Exercise instructions
Return only that part of the material below which starts with the line containing "Казино Slotozal на карте" and goes on through the line containing "BREMSSATTEL FERODO FCL692881", restated exactly.

- Opening Delimiter -

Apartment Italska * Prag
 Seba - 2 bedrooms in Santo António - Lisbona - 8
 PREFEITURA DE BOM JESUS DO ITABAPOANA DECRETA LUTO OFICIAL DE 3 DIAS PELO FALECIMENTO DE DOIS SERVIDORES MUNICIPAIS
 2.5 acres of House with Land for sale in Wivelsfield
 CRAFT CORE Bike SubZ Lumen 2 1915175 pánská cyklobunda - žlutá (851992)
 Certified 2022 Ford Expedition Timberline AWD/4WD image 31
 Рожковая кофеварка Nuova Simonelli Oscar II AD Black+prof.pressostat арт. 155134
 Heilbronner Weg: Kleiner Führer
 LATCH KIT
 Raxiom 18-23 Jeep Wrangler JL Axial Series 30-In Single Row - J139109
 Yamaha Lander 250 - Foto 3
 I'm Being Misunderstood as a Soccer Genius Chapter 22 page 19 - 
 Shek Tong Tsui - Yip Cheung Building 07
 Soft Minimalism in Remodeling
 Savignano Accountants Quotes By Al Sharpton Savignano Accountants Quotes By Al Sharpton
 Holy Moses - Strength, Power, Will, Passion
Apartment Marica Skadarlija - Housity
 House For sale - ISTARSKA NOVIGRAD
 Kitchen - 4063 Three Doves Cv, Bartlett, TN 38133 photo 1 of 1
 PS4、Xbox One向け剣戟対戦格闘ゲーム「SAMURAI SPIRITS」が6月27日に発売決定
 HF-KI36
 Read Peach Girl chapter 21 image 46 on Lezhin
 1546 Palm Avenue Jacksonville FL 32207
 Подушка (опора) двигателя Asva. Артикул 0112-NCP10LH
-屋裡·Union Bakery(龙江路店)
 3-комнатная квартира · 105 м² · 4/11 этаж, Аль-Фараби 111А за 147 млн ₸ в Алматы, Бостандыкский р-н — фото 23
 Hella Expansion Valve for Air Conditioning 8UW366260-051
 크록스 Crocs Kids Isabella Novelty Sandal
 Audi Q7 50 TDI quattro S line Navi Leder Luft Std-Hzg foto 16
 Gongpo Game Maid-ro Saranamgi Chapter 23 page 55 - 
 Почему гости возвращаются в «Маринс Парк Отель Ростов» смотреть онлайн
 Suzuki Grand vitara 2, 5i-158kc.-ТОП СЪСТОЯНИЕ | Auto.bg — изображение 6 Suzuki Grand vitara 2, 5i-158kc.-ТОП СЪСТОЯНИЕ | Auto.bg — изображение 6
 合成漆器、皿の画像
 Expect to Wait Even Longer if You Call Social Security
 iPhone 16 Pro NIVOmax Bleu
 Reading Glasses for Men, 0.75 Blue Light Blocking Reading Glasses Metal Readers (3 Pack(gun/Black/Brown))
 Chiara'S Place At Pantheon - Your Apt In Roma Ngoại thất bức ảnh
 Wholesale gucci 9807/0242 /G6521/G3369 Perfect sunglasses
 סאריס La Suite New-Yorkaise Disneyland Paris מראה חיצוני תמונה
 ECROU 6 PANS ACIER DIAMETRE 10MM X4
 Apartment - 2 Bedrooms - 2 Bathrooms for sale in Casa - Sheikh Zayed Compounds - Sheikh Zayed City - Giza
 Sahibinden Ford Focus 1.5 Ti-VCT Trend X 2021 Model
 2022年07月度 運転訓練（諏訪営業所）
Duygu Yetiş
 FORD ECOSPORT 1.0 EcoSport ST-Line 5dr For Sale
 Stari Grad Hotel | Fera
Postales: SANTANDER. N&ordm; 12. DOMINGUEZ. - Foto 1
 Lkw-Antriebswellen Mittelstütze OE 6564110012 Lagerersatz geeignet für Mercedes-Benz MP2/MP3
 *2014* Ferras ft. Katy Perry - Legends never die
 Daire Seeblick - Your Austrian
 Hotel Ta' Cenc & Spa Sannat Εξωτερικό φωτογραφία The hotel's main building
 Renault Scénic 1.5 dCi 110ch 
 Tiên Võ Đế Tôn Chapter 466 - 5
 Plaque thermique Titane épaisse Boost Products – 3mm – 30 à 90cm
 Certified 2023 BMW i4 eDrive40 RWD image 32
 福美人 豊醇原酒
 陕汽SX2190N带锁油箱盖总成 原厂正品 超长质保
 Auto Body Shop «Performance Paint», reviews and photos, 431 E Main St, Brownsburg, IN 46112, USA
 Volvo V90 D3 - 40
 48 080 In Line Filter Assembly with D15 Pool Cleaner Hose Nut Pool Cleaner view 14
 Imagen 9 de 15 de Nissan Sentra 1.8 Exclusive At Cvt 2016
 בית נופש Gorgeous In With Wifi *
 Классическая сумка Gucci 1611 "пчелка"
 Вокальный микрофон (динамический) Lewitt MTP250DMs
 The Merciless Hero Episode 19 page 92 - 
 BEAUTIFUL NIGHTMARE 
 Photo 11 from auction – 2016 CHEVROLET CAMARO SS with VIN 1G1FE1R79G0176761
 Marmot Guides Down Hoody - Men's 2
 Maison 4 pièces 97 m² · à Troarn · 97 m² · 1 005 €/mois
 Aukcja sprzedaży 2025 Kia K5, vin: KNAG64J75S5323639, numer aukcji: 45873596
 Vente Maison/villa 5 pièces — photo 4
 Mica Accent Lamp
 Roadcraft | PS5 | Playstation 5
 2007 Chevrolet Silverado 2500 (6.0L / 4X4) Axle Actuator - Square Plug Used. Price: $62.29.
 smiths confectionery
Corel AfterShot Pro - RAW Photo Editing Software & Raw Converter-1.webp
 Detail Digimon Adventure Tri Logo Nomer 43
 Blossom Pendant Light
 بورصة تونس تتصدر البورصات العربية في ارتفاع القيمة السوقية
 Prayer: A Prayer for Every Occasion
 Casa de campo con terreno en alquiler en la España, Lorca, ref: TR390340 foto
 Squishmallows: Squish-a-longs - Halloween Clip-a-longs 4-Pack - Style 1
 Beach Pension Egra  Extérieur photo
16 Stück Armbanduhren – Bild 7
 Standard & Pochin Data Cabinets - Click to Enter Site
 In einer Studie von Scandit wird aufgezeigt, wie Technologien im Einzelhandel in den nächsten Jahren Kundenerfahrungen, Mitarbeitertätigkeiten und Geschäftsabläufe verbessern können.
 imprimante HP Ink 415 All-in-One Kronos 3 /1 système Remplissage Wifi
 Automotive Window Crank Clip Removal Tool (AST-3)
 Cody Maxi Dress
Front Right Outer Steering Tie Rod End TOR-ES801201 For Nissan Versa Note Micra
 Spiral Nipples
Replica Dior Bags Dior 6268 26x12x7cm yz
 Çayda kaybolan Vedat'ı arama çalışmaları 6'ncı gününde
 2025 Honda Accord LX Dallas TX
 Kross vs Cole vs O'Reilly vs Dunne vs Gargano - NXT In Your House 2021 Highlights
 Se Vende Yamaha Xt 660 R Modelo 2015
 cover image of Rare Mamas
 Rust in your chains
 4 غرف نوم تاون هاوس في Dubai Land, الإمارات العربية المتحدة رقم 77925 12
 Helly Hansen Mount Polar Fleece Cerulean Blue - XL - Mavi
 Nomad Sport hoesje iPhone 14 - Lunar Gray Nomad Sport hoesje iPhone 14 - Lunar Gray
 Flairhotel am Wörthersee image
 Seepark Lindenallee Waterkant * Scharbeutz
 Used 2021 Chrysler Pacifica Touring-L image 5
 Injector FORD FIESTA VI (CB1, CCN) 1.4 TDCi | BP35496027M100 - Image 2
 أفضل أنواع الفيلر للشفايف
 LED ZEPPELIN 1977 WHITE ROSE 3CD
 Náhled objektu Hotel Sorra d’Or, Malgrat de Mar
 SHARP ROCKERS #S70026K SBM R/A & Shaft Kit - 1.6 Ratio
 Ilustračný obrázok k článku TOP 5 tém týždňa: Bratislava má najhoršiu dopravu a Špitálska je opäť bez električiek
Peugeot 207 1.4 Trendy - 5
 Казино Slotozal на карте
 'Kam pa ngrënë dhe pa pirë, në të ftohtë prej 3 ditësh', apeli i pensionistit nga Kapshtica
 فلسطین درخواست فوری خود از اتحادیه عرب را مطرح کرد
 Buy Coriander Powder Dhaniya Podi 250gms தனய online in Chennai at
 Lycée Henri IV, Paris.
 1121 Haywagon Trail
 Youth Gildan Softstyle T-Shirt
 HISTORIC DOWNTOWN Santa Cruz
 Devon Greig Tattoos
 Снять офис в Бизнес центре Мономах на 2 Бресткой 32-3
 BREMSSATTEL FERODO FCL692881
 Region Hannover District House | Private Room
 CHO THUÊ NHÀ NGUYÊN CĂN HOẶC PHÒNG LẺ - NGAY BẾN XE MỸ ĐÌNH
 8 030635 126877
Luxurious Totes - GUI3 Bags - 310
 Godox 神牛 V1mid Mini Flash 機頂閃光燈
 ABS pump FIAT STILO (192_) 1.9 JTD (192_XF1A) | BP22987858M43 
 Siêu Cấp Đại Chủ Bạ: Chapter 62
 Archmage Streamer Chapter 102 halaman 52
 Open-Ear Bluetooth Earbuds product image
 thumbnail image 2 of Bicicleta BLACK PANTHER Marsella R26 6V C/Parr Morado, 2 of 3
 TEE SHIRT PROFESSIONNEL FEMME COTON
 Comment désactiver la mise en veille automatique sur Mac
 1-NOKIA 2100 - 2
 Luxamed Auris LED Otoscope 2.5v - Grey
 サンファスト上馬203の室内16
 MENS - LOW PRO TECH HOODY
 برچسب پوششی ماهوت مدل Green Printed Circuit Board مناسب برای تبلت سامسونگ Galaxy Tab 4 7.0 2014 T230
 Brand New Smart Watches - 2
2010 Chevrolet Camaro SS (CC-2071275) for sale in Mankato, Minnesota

- Closing Delimiter -

Reply
 Казино Slotozal на карте
 'Kam pa ngrënë dhe pa pirë, në të ftohtë prej 3 ditësh', apeli i pensionistit nga Kapshtica
 فلسطین درخواست فوری خود از اتحادیه عرب را مطرح کرد
 Buy Coriander Powder Dhaniya Podi 250gms தனய online in Chennai at
 Lycée Henri IV, Paris.
 1121 Haywagon Trail
 Youth Gildan Softstyle T-Shirt
 HISTORIC DOWNTOWN Santa Cruz
 Devon Greig Tattoos
 Снять офис в Бизнес центре Мономах на 2 Бресткой 32-3
 BREMSSATTEL FERODO FCL692881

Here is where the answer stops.